Вводимая Османами реформа религиозных общин поставила все миллеты под контроль и регулирование правительства. В соответствии с Законом об образовании (1869 г.) Порта пыталась распространить свой контроль над школами миллетов. Эти действия вызывали жалобы патриархов и даже их отставки в знак протеста. К концу XIX века стало очевидно, что, несмотря на видимое расширение прав и свобод, дарованных немусульманским миллетам, источником и гарантом этих прав все чаще стали выступать падишах и его правительство (девлет, или хукумет) (860, с. 66–67), а не глава религиозной общины (миллет баши).

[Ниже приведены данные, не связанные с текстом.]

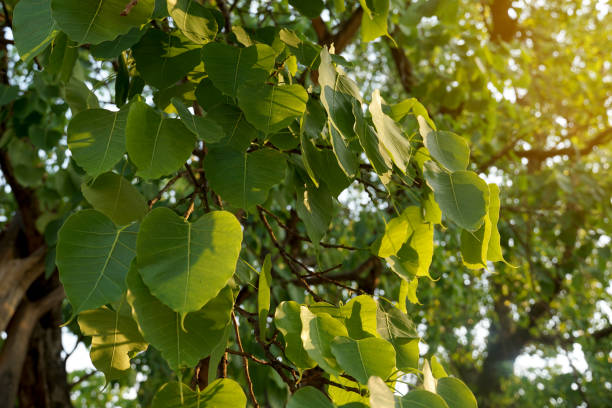 bodhi tree is a large deciduous tree. the leaves are single, arranged alternately, the appearance of the leaves is heart-shaped. buddhists believe that it is the tree of wisdom. - 智慧農(nóng)業(yè) 個照片及圖片檔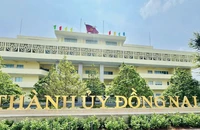 Đồng Nai rực rỡ cờ hoa trong ngày 30-4, chính thức trở thành thành phố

Система административного управления в Османской империи базировалась на военно-политической и религиозно-судебной (шариатской) власти. Военно-политическую администрацию (бейлык или сейфийе) возглавлял великий визирь (садразам)34 и председательствовал на заседаниях султанского, или имперского, совета (диван-и хумайюн)35, являвшего высшим правительственным органом (722, т. 3, с. 79). Во главе исламской духовной иерархии (‛ильмийе) стоял шайх аль-ислам36, положение которого в османской иерархии практически не уступало статусу садразама (910, с. 35; 851, с. 129). Вместе с тем помимо руководства сейфийе, великий визирь курировал и ‛ильмийе (там же, с. 129; 924, т. 1, с. 252). Османская бюрократия (каламийе) также являлась важным инструментом функционирования власти правителя в политической сфере. К религиозной и государственной системе власти (дин-у даула) относились также два верховных судьи – кадиаскера (осм. кази ‛аскер; араб, кади ‛аскар). Судьи возглавляли две самостоятельные шариатские структуры37 Анатолии и Румелии и входили в диван-и хумайюн (931, т. 3, с. 12–13). Статус кадиаскера Румелии считался несколько выше и престижнее статуса верховного судьи Анатолии (810, с. 129). На уровне провинции судебную власть осуществлял кади38 аль-кудат («верховный судья») или шейх аль-ислам, в округе и крупных городах – кади аль-лива («окружной судья»). На низовом уровне – кудат аль-касаба и кудат ан-навахи («судьи малых городов и сельских окраин») (722, т. 3, с. 79). Кади аль-кудат обладали также древним почетным титулом «мулла»39 и составляли де-юре высшее звено исламской титулованной знати – мевлевийет (араб, маулавиййат). Шейх аль-ислам представлял султану списки назначений на судейские посты в крупные провинциальные и окружные города, которые входили в их юрисдикцию, также называемую по-османски мевлевийет (675, с. 185). Под категорию мевлевийет также подпадали муфтии40 и улама, традиционно опиравшиеся на поддержку местной знати (хасса) и османских властей.